**Exercise**
Print every record exactly, but leave out the pictures.

**Exercise inputs**

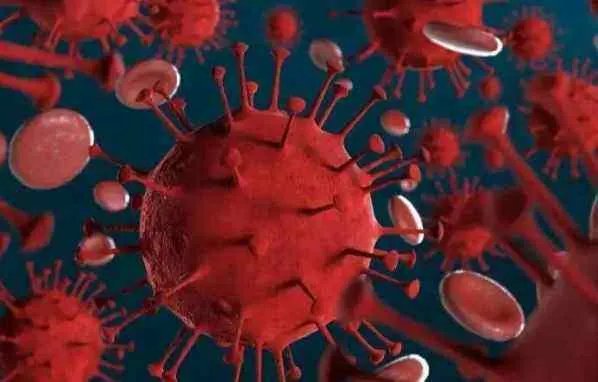 2022年五一各地疫情能结束吗2022五一能解封吗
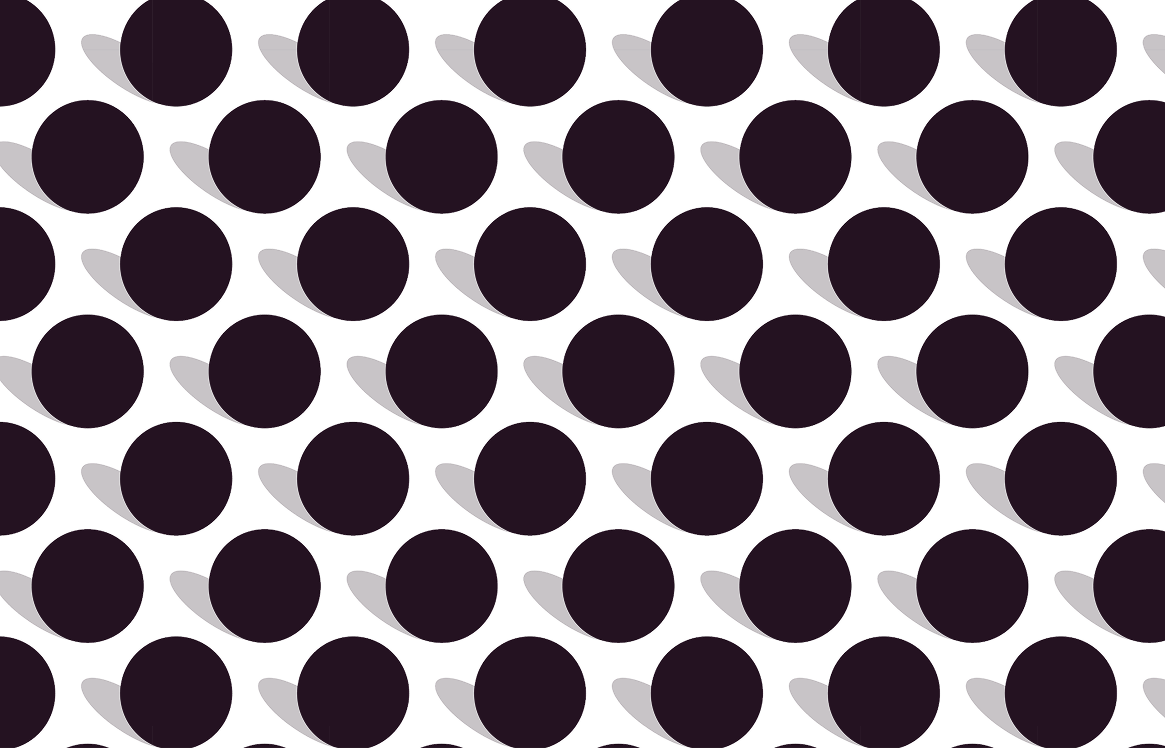 Patterns Orbita-09 2.png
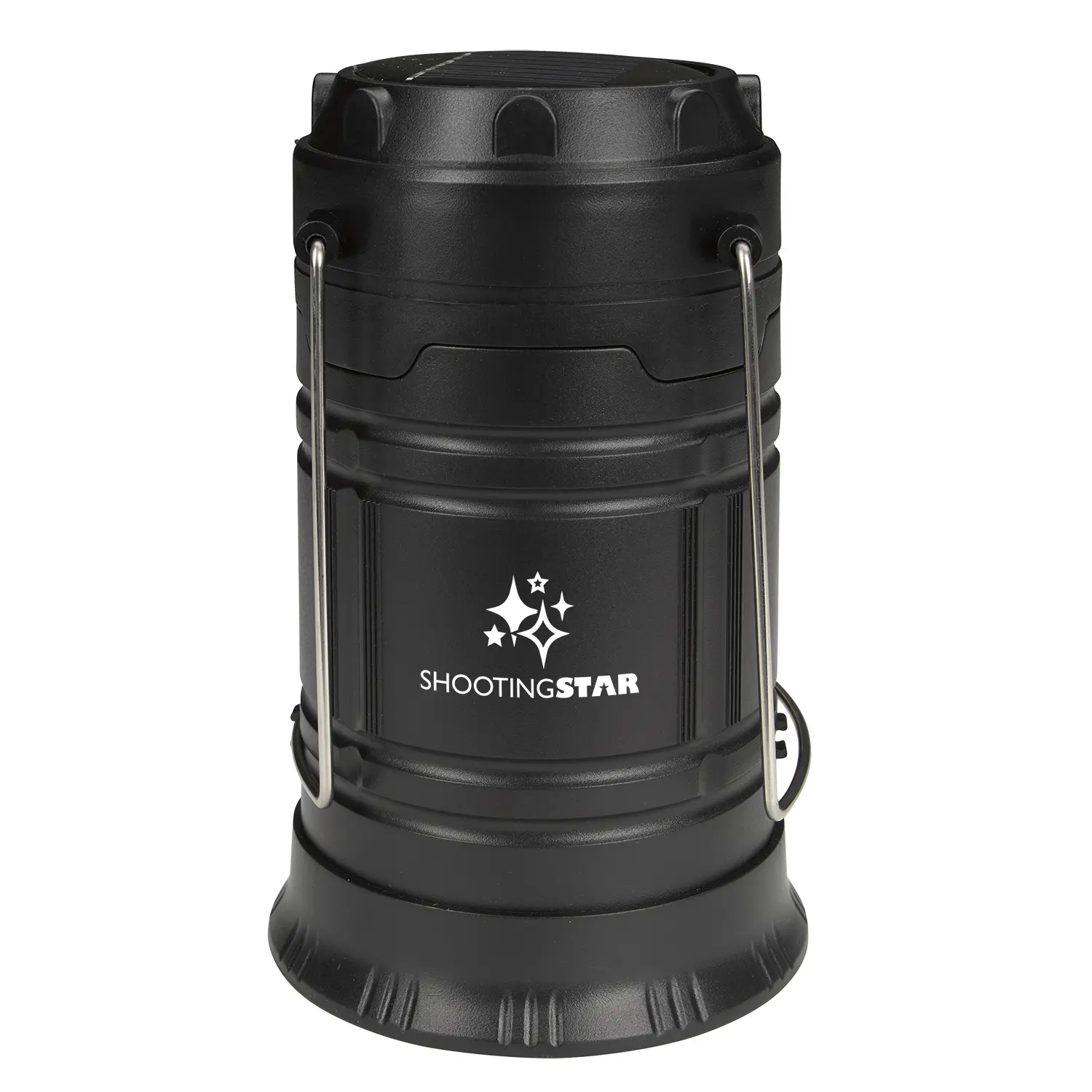 EPEX™ North Fork Park Solar Lantern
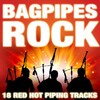 The Munros - Eye of the Tiger (Piping Hot Mix)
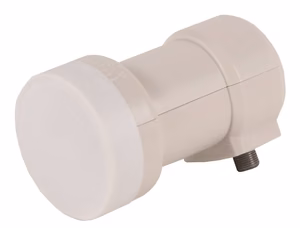 Opticum SAT Single Converter LSP-04H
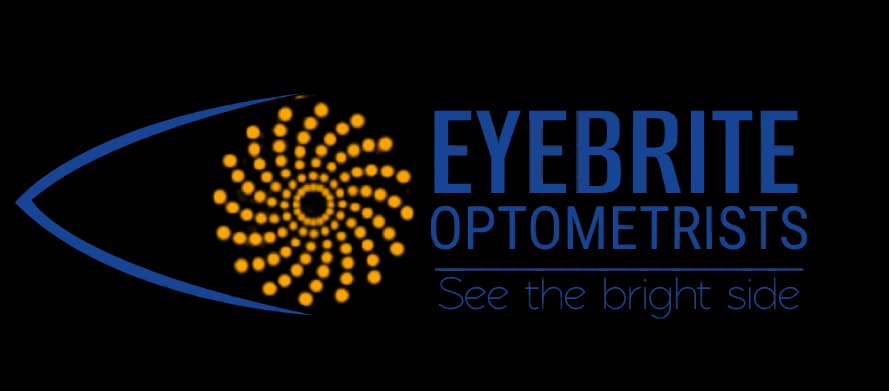 Eyebrite Optometrists in Pimville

**Solution to the problem**
 2022年五一各地疫情能结束吗2022五一能解封吗
 Patterns Orbita-09 2.png
 EPEX™ North Fork Park Solar Lantern
 The Munros - Eye of the Tiger (Piping Hot Mix)
 Opticum SAT Single Converter LSP-04H
 Eyebrite Optometrists in Pimville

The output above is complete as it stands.